Weekly ethanol production fell 26,000 barrels per day to 537,000 bpd — another record low since the industry’s infancy. An encouraging sign, however, was the first decline in ethanol stocks since March 20. Stocks fell 1.35 million barrels to 26.3 million barrels. Margins improved 6 cents/gallon to breakeven levels. The University of Illinois projects corn use for ethanol will drop to 4.75 billion bushels, down 300 million bushels from the current U.S. Department of Agriculture outlook. Gasoline demand improved for the third week in a row, up 10 percent week-on-week. The demand level is still 37 percent below last year.

Weekly export sales were better than anticipated at 53.4 million bushels. This brings total commitments to only 20 percent behind last year at 1.45 billion bushels. Mexico was the biggest buyer. The USDA is forecasting total exports for the year at 1.725 billion bushels, a decline of 16.5 percent from last year. We need 12.3 million bushels of sales per week to hit their outlook. New crop sales were 13.3 million bushels. Total new crop commitments are 107 million bushels vs. 88.3 million bushels last year at this time.

U.S. corn planting was 27 percent complete as of April 26, well ahead of the 20 percent average. Minnesota had 40 percent of its corn in the ground by that date, with Illinois at 37 percent complete and Iowa at 39 percent complete. U.S. corn planting is estimated to be 45 percent complete by May 3. U.S. soybean planting was 8 percent complete as of April 26 compared to the 4 percent average. Soybean planting is expected to advance to 20 percent complete by May 3. Due to dryness in Brazil, their safrinha corn crop is being stressed and production estimates are declining. A well-respected private consultant lowered the forecast 1 mmt to 97 mmt, with a bias it could fall lower.

Outlook: The May World Agricultural Supply and Demand Estimates report will be released May 12 and will include the first supply/demand sheets for the 2020-21 crop year. Early forecasts suggest the carryout will surge to over 3 billion bushels next year. Negative fundamentals will limit any upside without fresh bullish inputs. Weather forecasts are conducive to rapid planting progress and threatened sanctions against China are a shadow over business.

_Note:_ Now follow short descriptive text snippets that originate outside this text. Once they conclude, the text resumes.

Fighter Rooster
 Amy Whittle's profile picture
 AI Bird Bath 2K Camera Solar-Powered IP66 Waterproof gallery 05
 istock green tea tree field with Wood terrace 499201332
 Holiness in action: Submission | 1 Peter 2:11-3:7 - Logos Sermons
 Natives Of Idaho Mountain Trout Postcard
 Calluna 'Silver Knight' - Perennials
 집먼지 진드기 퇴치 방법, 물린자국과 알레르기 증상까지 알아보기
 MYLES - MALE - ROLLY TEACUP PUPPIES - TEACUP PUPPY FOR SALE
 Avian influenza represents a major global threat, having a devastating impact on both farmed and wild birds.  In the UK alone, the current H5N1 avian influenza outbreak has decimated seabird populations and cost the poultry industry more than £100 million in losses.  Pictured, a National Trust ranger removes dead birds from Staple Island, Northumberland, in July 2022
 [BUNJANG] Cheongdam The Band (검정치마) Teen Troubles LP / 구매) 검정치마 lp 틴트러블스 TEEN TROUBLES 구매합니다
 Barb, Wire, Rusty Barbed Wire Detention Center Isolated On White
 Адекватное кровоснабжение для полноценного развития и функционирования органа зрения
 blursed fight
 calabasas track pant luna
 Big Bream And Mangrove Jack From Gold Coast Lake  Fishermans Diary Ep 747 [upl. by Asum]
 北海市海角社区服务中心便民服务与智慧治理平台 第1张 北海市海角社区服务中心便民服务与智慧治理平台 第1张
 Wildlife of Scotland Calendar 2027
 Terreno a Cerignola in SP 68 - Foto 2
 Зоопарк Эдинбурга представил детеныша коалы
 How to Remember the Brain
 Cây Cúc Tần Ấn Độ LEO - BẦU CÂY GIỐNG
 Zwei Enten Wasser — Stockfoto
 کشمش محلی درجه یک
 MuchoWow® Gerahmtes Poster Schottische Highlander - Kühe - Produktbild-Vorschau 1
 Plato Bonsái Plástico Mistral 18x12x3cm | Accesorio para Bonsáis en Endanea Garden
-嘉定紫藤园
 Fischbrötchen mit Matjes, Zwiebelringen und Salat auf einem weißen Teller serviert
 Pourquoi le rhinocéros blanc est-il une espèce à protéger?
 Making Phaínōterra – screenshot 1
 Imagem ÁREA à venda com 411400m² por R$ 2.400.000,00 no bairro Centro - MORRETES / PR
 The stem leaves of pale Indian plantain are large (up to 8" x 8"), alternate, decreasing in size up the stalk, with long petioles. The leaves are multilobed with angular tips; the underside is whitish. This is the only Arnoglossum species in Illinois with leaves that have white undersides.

July corn fell 4.5 cents this week to settle at $3.18.5 per bushel while the December contract was unchanged on the week at $3.36.75 per bushel. On a weekly basis, July corn has closed unchanged or lower in each of the last five weeks.

SOYBEANS — A third weaker Monday in a row for soybeans put them on the defensive until late in the week when rumors of Chinese interest provided a double-digit boost. Trade chatter about possible purchases of U.S. soybeans in the 300,000-500,000 range lifted prices to their high for the week. However, reality didn’t provide for any follow-through when sales of 264,000 were announced to China, split equally between old and new crop. This does coincide with talk that sales were for the August/September time frame. JCI from China reported Chinese crushers were 90 percent covered for June, 60 percent for July, and were looking for August and September bushels.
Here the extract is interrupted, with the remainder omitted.